Oggi come allora, bambini e bombe

Pressenza - Sunday, July 20, 2025

Riceviamo e volentieri pubblichiamo questa toccante testimonianza di Romana Olivieri Canneti, 92 anni, che ricorda i bombardamenti a Napoli vissuti da bambina e li collega alle sofferenze provocate dalle tante guerre attuali.

Guardo la televisione e ascolto i telegiornali con immagini di guerre. I tanti bambini disperati, le loro famiglie mi fanno ripensare alla mia guerra e a me bambina che viveva tanti anni fa quelle stesse sofferenze.

Era il 1943 ed io avevo 10 anni. I continui bombardamenti a Napoli avevano portato mio padre a decidere di trasferirsi a Maddaloni, dove la numerosa famiglia poteva vivere in una relativa tranquillità. Mio padre, sarto di abiti da uomo eleganti e raffinati, ora poteva solo girare cappotti e giacche, scucendo e ricucendo stoffe già usate. Correva affannato a Napoli per recuperare cibo e il necessario per noi e mai dimenticava un pensiero per i più piccoli, un gioco, un libro.

Cinque figli nati tra il 1923 e il 1933 e la speranza di tornare negli USA, sì, perché proprio nel 1922 i miei genitori si erano imbarcati a New York per far conoscere la giovane sposa americana alla famiglia italiana di Giovanni Olivieri, mio padre. Vissero la loro vacanza tra soggiorni a Ischia e viaggi in Italia, per poi scoprire che presto sarebbero diventati genitori.

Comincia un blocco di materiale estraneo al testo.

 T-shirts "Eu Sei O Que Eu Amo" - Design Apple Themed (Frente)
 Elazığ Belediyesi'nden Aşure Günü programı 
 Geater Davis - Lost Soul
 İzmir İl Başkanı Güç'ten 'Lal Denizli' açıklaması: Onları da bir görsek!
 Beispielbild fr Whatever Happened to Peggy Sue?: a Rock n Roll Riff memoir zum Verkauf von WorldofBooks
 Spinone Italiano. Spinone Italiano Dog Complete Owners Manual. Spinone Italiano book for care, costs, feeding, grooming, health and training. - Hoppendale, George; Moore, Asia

La guerra interruppe i rapporti con i parenti oltre oceano e tutto cambiò. La casa in via Chiaia a Napoli, il teatro, gli abiti alla moda… Le sirene che annunciavano gli attacchi aerei, il rifugio …. Sento ancora lo scoppio delle bombe, il silenzioso pregare, la nonna che chiamava i più piccoli per distrarci con giochi e racconti e affidava tutti alla Madonna con una preghiera: “La Madonna stende il manto per coprirci tutti quanti. Sempre lodata sia la Vergine del Carmine Maria.” E la preghiera correva e diventava più veloce al rumore delle bombe che cadevano. La tessera concedeva 150 grammi di pane al giorno, tutto era razionato, ma la mamma pur di far mangiare i suoi bambini scambiava con i contadini abiti, borse, stole di pelliccia. Almeno però eravamo insieme.

Era il 1943. Gli americani sbarcarono a Salerno e la mamma vedeva i “suoi” soldati a un passo, come sembrava più vicina la possibilità di tornare a parlare con i fratelli e i genitori. Lei raccontava e raccontava della sua famiglia per tenere viva la memoria e trasmetterla a noi. Ma la guerra non è solo quella delle bombe. Si ammalò: appendicite, mi dissero. Mio padre corse all’ospedale da campo americano … Una semplice operazione l’avrebbe salvata, ma non fu così.

Mentre gli americani trionfanti entravano in una Napoli liberata, io piangevo la mia mamma. Quanti bambini, quante mamme e quanti papà dovranno soffrire ancora per guerre senza fine?